SEC. 173
1) First meeting- with 30 days from the date of incorporation and after that not less than 4 meetings in a calendar year. Two consecutive BM shall not intervene more than 120 days.
provided that the central govt. may, by notification, exempt such class or classes, description or classification of companies or to comply with such exceptions, modifications or conditions as may be specified in the notification.
2) The directors may attend the meeting in person or through video conferencing or such audio visual means which are capable of recording and recognizing such participation and of storing and recording of the business discussed at that meeting alongwith date and time.
Provided that the central govt. may, by notification, specify such business which shall not be discussed through video conferencing or such audio visual means.
3) The notice of such meeting shall be sent to every director of the company in writing not less than 7 days prior to the date of meeting at the address registered with the company and shall be sent by hand delivery or by post or by any electronic mode.
Provided that a meeting may be conducted at a shorter notice to conduct some urgent business. Provided further that Such meeting of members of Board shall be attended by at least one independent director, if any. if no independent director attends the meeting of board of directors where it is required to do so, the business conducted at the meeting shall be circulated among all the directors which shall be ratified by at least one independent director, if any.

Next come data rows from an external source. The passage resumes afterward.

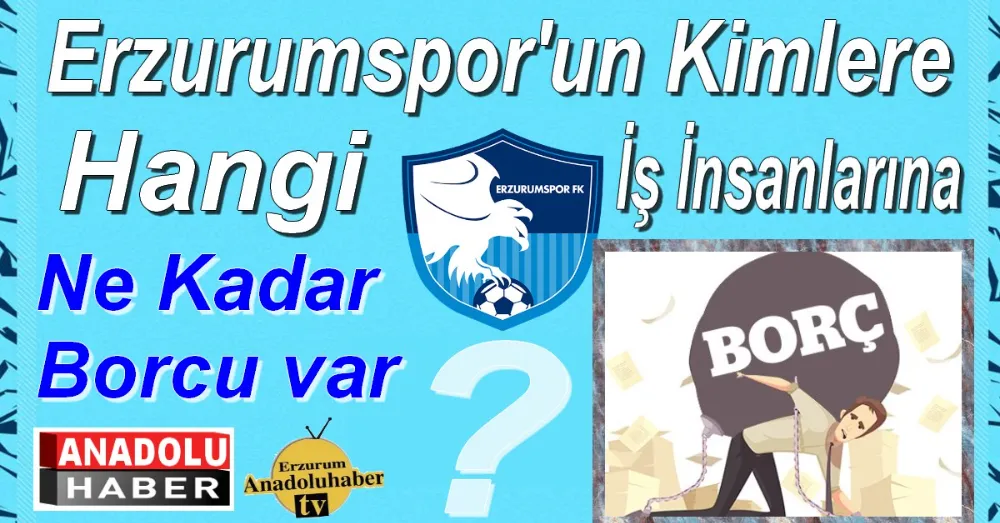 Erzurumspor 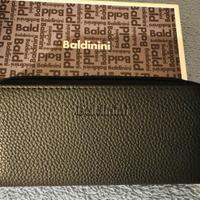 Portamonete in pelle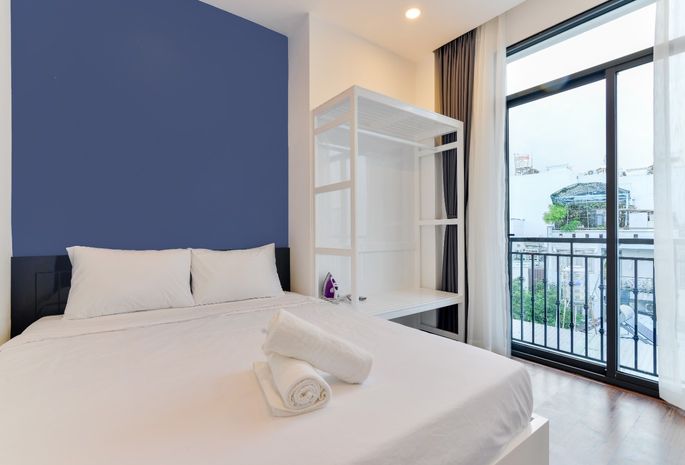 COZRUM HOMES THE GALLERY RESIDENCE
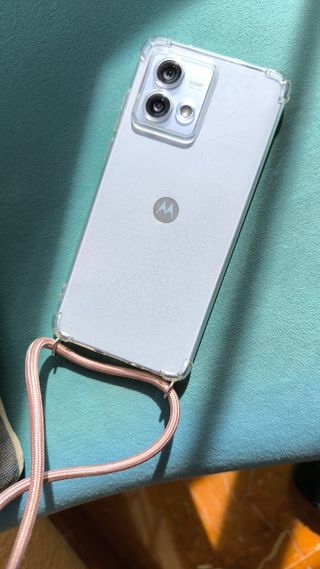Motorola G84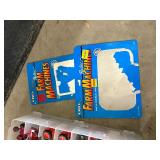 Hot Wheels Match Box Tractors and Cars (Over 40) Hot Wheels Match Box Tractors and Cars (Over 40)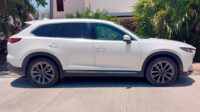 Mazda CX9 AWD Signature 2020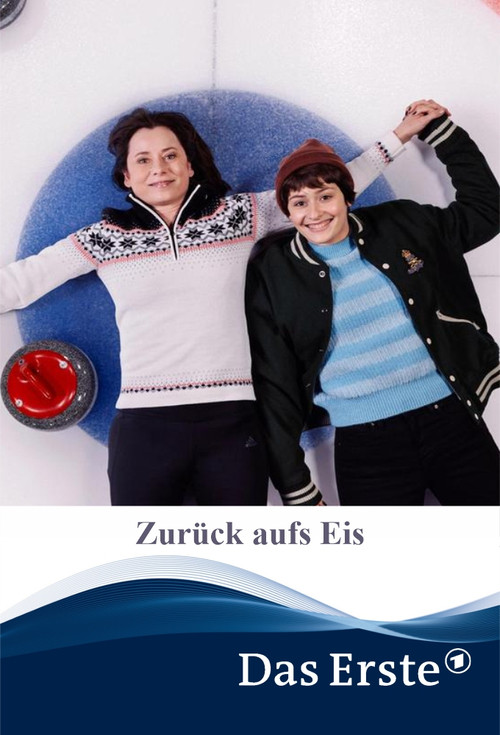 Zur&uuml;ck aufs Eis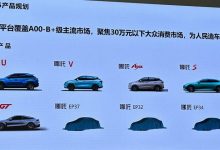 再推出3款新车 哪吒汽车2025年产品规划-深圳汽车网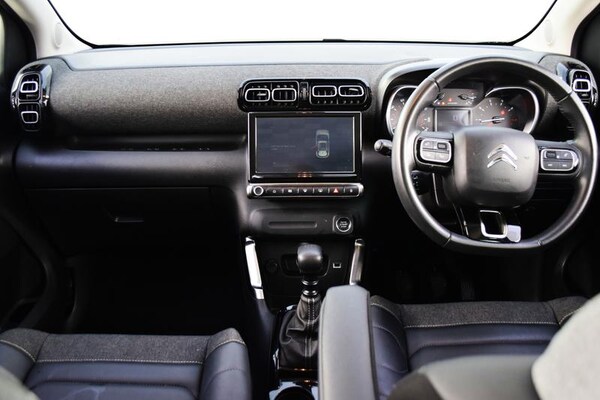 Used Citroen C3 Aircross 2022 for sale - 76322336: Photo 17
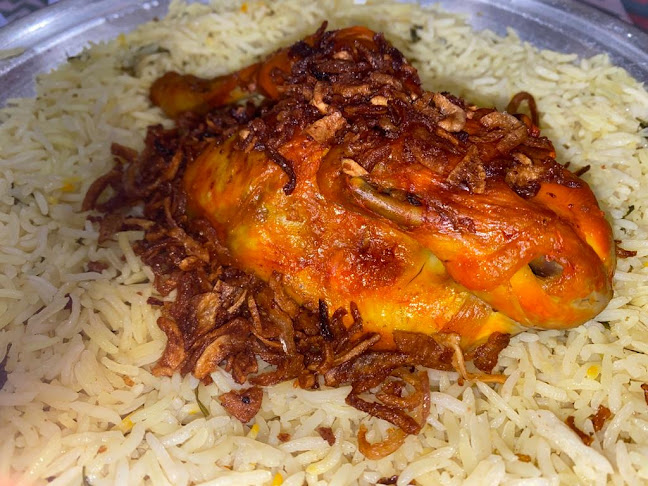 Comentarii opinii despre مطعم ماضينا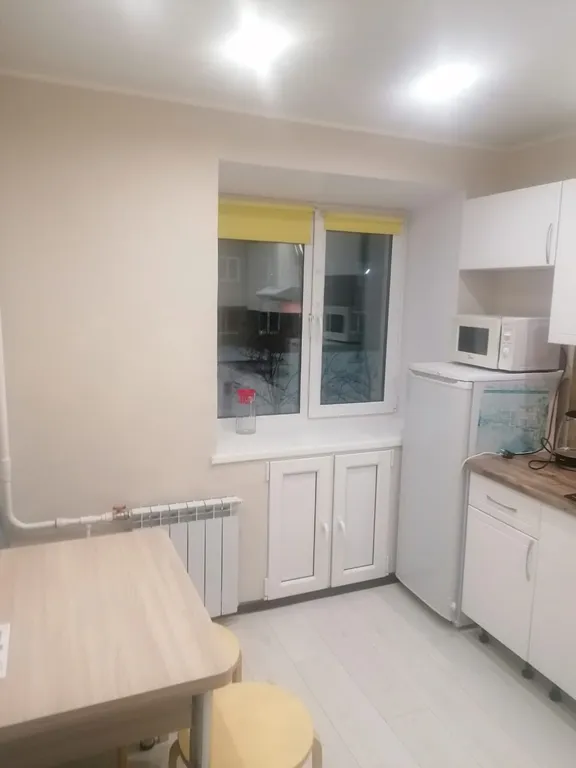 Уютная 2-комнатная квартира в центре города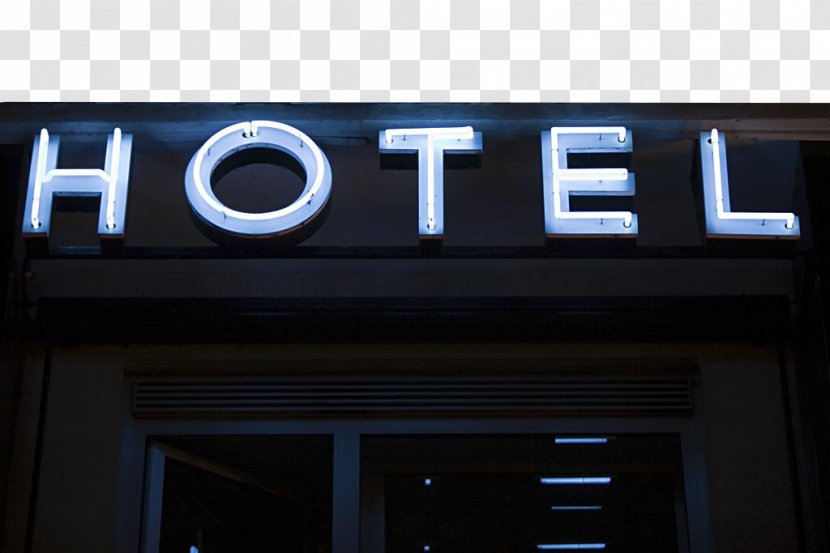 Hotel Rating Gratis 5 Star - Guest House - English Signage Transparent PNG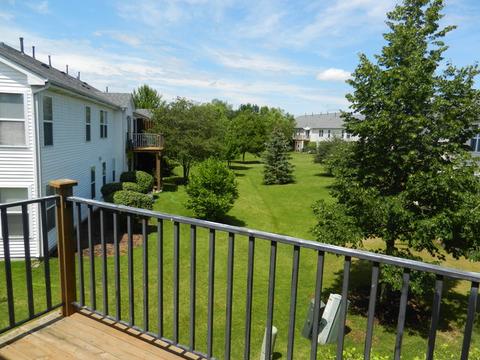 13865 S Balsam Ln #B, Plainfield, IL 60544 photo 13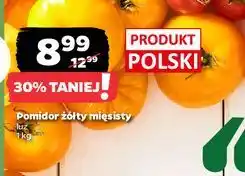 Netto Pomidory żółte oferta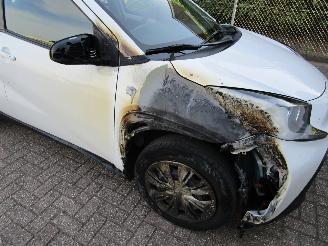 Toyota Aygo X Automaat Camera Navi 31.000 Km picture 6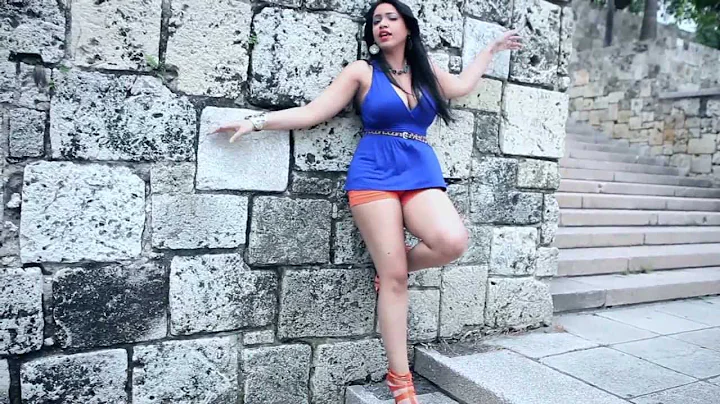 Juliana Oneal - Rabia (Video Oficial)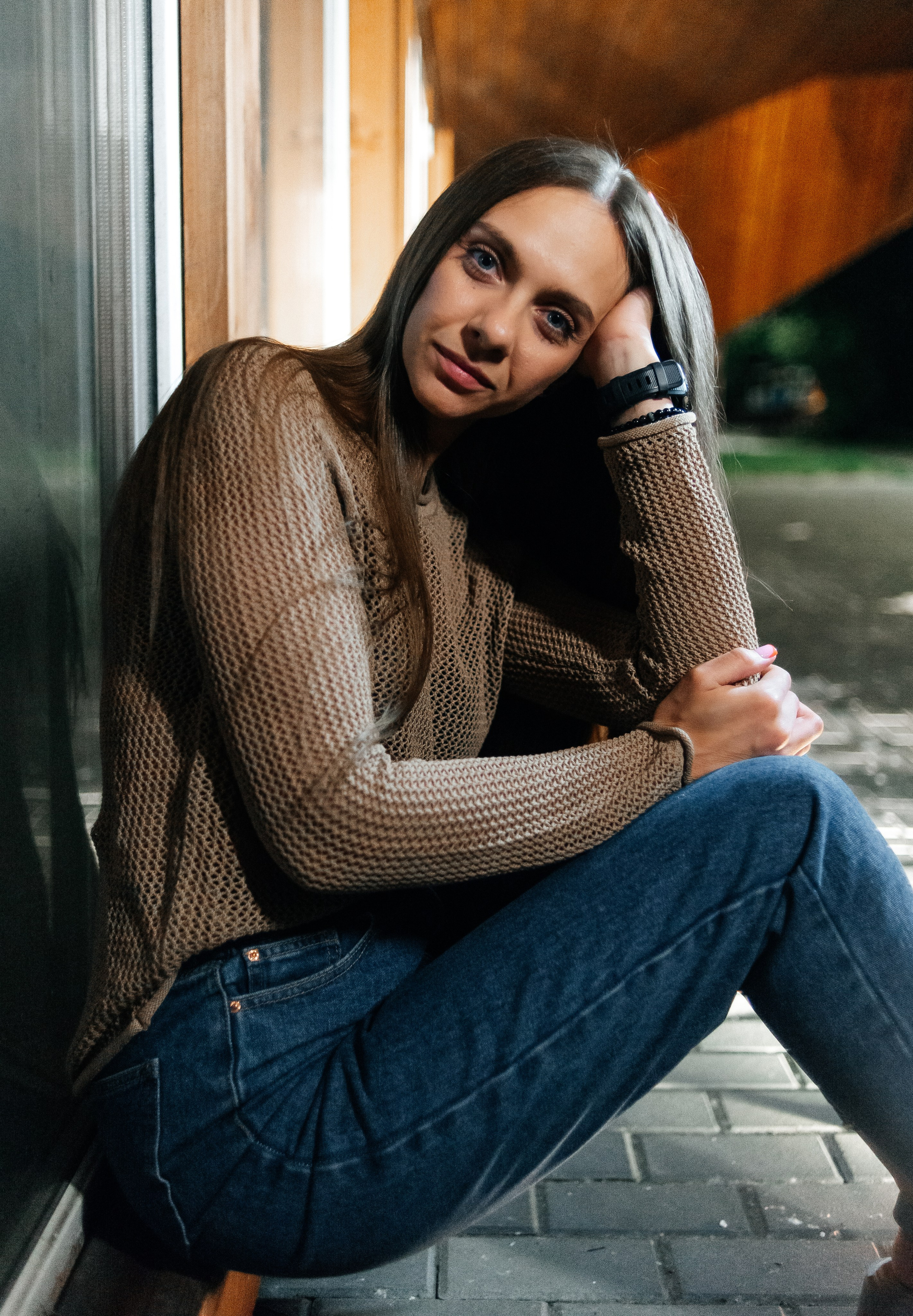 Мария. Фотограф в Благовещенске Андрей Сенченко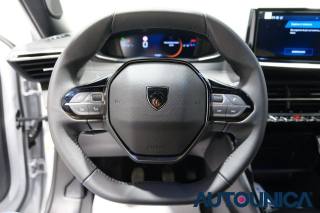 PEUGEOT 2008 usata, con Cerchi in lega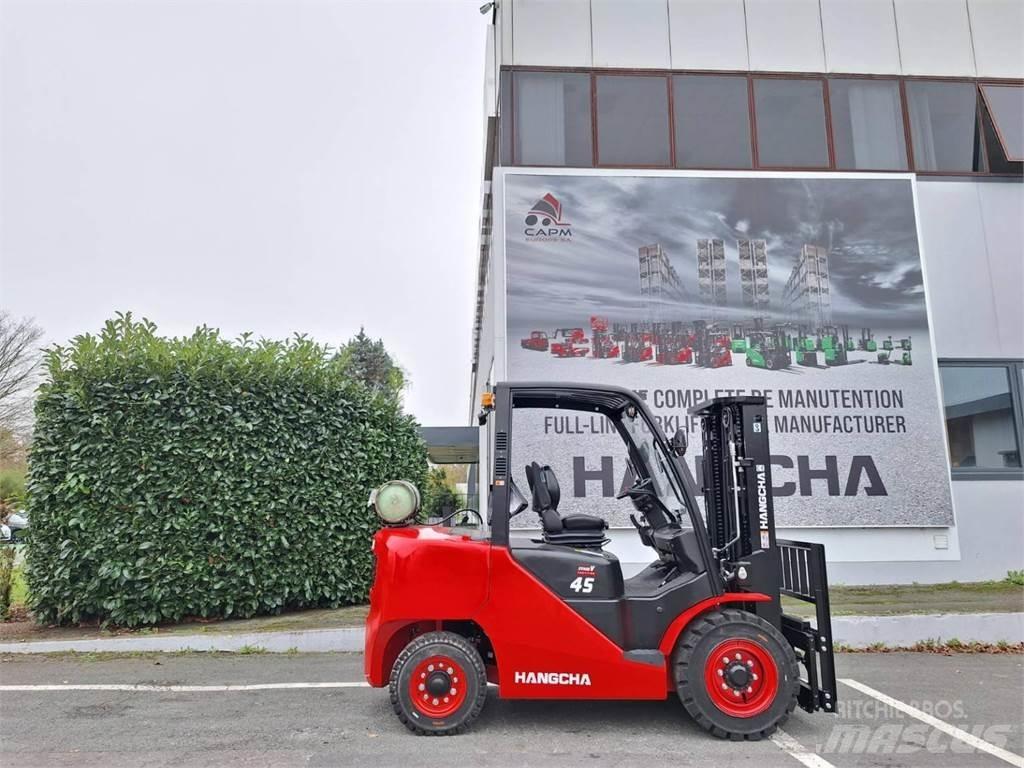 Hangcha XF45G Wózki widłowe inne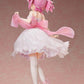 Puella Magi Madoka Magica: Madoka Rabbit Ears Ver. 1/4 Scale Figurine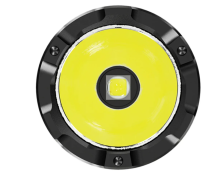 Ліхтар Nitecore P20i (Luminus SST-40-W, 1800 люмен, 1X21700, USB Type-C)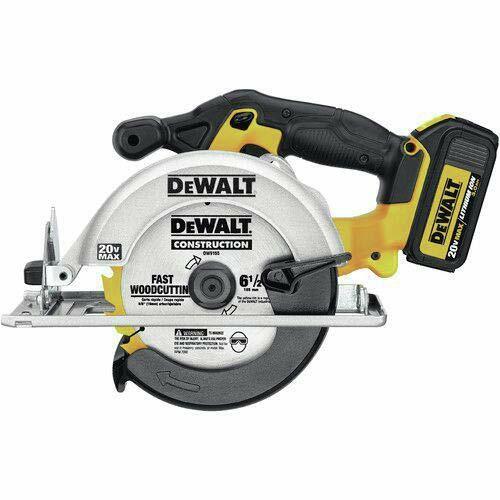 DEWALT 20V MAX Power Tool Combo Kit, 10-Tool Cordless Power Tool Set with 2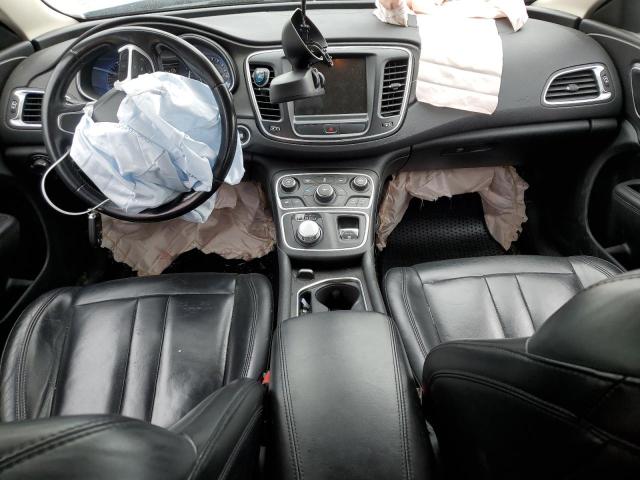Photo 8 from auction – 2016 CHRYSLER 200 LIMITE with VIN 1C3CCCAB2GN188155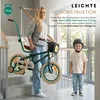 Kinderfahrrad 14 Zoll für Jungen 3 4 5 Jahre 7,49 kg Produktbild-Vorschau 11
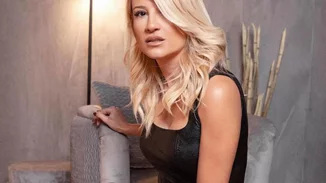 Φαίη Σκορδά: "Πρόσφατα είχα ένα περιστατικό με έναν άνθρωπο που είχε εμμονή μαζί μου"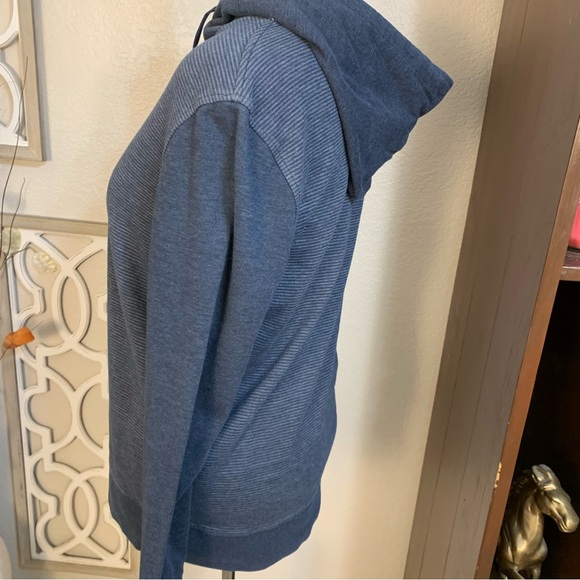 Banana Republic   sweatshirt with hoodie - Picture 2 of 9
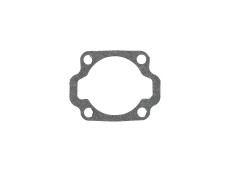 Base gasket Tomos A3 / A35 old model 1.0mm BAC Base gasket Tomos A3 / A35 old model 1.0mm BAC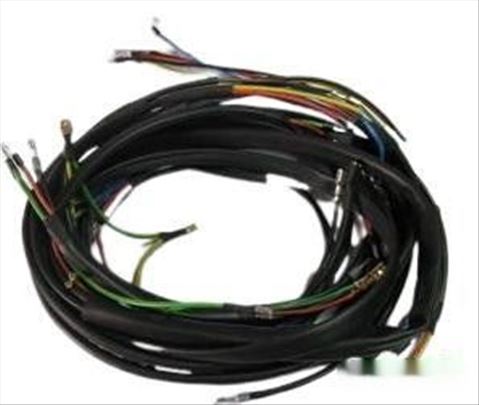 Elektroinstalacija IMT 533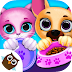 Kiki & Fifi Pet Friends - Furry Kitty & Puppy Care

4) Every officer of the company whose duty is to give such notice and fails to comply with provisions shall be punishable with a fine of Rs. 25000.
5) A One person company, small company or dormant shall be deemed to have complied with the provisions of this section if it convenes not less than one meeting of members of board of directors in half calendar year and gap between two consecutive meetings is not less than 90 days.
Provided that nothing contained in this sub section and section 174 shall apply to a One person Company where there is only one director in it's board.